18:57 Yeah, to the bias. Well, there’s an expectation, I can talk to you after, too, about it, but there’s an R squared expectation. What is it? Well, for our industry, linear assets, what is the R squared? Maybe for pharmaceuticals and for the airline industry, it’s set, you kind of know what those numbers are. For our business, the business I’m in, we don’t know. So it comes back–

19:21 How is that r squared every time in?

19:25 It’s coefficient of determination. Yeah, yeah, yeah. But if you haven’t seen– if you want to save these visuals right here and not go through and set them up every time you can save these configurations. I put a little folder in RapidMiner to sort things on a kind of project by project basis. Just makes it really convenient so you don’t have to spend time making these things over and over again. I think two other things I’d like to show you, because this is kind of cool, at least I thought it was. Let’s do classification– yeah, right here, okay. I’m going to start running this thing right now. All right. So you see this explained predictions operator right here? What we’re interested in knowing is, given the prediction data that’s coming in, the data that we’re applying the model to, we want to see what the levels of importance are for all the features as we walk this asset.
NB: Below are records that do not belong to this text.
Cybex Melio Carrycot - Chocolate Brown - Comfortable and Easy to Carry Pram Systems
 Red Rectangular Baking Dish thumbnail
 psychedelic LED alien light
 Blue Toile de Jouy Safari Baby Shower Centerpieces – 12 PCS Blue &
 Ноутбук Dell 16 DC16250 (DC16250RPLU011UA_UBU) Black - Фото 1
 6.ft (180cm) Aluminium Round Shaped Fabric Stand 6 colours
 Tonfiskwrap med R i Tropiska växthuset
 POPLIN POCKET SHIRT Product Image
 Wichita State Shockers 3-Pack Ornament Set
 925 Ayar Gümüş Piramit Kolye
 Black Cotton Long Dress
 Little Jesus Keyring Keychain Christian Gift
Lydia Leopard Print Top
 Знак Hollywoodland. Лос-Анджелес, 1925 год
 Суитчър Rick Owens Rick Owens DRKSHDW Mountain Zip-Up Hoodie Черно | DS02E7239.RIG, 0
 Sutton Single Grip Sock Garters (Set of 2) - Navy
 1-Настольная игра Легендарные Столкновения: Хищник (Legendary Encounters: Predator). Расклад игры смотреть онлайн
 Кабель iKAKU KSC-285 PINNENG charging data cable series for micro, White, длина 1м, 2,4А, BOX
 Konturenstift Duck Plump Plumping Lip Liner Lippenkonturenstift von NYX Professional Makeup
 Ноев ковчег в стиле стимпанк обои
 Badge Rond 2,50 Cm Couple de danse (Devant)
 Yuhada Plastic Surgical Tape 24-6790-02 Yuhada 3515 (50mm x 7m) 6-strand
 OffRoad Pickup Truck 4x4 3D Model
And if you’ve work with the explained predictions operator you’ll see it’s kind of a tall table. What we have to do is turn this to the side and look at the data kind of as it falls along linear along the pipeline. So it’s 86%.

20:41 So there’s some work that needs to be done in relating the IDs of the importance values with the IDs of the example sets that you’re working with so that you can get something that looks like this. Okay, and I’ll zoom in. All right. So probably too much detail to look at, but this is actually kind of useful to the people we work with, which is just showing walking along the linear asset, it’s been dynamically segmented. And at the bottom here, you can see the color coding for the levels of importance of the different data, how the features actually influence the predictions. And there’s the predictions are up here. They’re not showing right now, but the predictions would be up at the top, would show you the levels of confidence or the regress value. Now, you could zoom in and you can see, “Well, what is influencing that prediction?” So it’s providing some transparency into what’s really driving the results, okay? And this stuff Jeff and I worked on it at a RapidMiner. All right.